# Cascade Network (Numeric Features + Graph Features)

In [None]:
import numpy as np
import pandas as pd

from sklearn.model_selection import train_test_split
from sklearn.linear_model import LogisticRegression
from sklearn.model_selection import GridSearchCV
from sklearn.model_selection import cross_val_score

import torch
import torch.nn as nn
import torch.nn.functional as F

import transformers as ppb
from transformers import AdamW

from torch_geometric.data import Data, DataLoader
from torch_geometric.nn import GCNConv

import matplotlib.pyplot as plt

import warnings
import os.path as path
import json
from datetime import datetime

import sklearn
import scipy

# print messages
warnings.filterwarnings('ignore')

# device for training
device = torch.device("cuda" if torch.cuda.is_available() else "cpu")
print(f"device type: {device.type}")

## 2. Import Dataset

In [None]:
DATASET_TRAIN = "./data/splitted/cascade_network_train.csv"
DATASET_CV = "./data/splitted/cascade_network_cv.csv"
DATASET_TEST = "./data/splitted/cascade_network_test.csv"

In [None]:
train_df = pd.read_csv(DATASET_TRAIN, header = 0)
cv_df = pd.read_csv(DATASET_CV, header = 0)
test_df = pd.read_csv(DATASET_TEST, header = 0)

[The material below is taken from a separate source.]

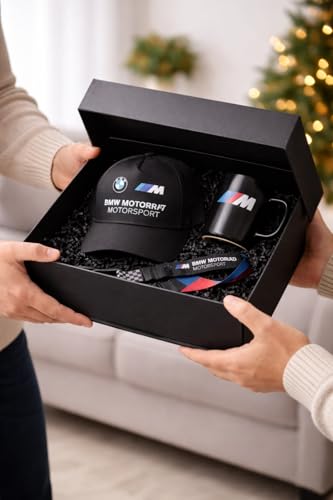 BMW M Motorrad Motorsport Geschenkset Geschenkbox Mütze Tasse Lanyard Basecap Black Limited Edition Geschenk-Set Herren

print(f"Columns: {train_df.columns}")
print(f"train set size: {len(train_df)}")
print(f"cross validation set size: {len(cv_df)}")
print(f"test set size: {len(test_df)}")

## 3. Preprocess Data

#### Numeric Features

In [None]:
numeric_column_names = ['max_deg', 'avg_deg', 'min_deg', 'max_timediff', 'min_timediff', 'avg_timediff', 'node_number', 'edge_number']

In [None]:
train_numeric_tensors = torch.tensor(train_df[numeric_column_names].values, dtype=torch.float).to(device)
cv_numeric_tensors = torch.tensor(cv_df[numeric_column_names].values, dtype=torch.float).to(device)
test_numeric_tensors = torch.tensor(test_df[numeric_column_names].values, dtype=torch.float).to(device)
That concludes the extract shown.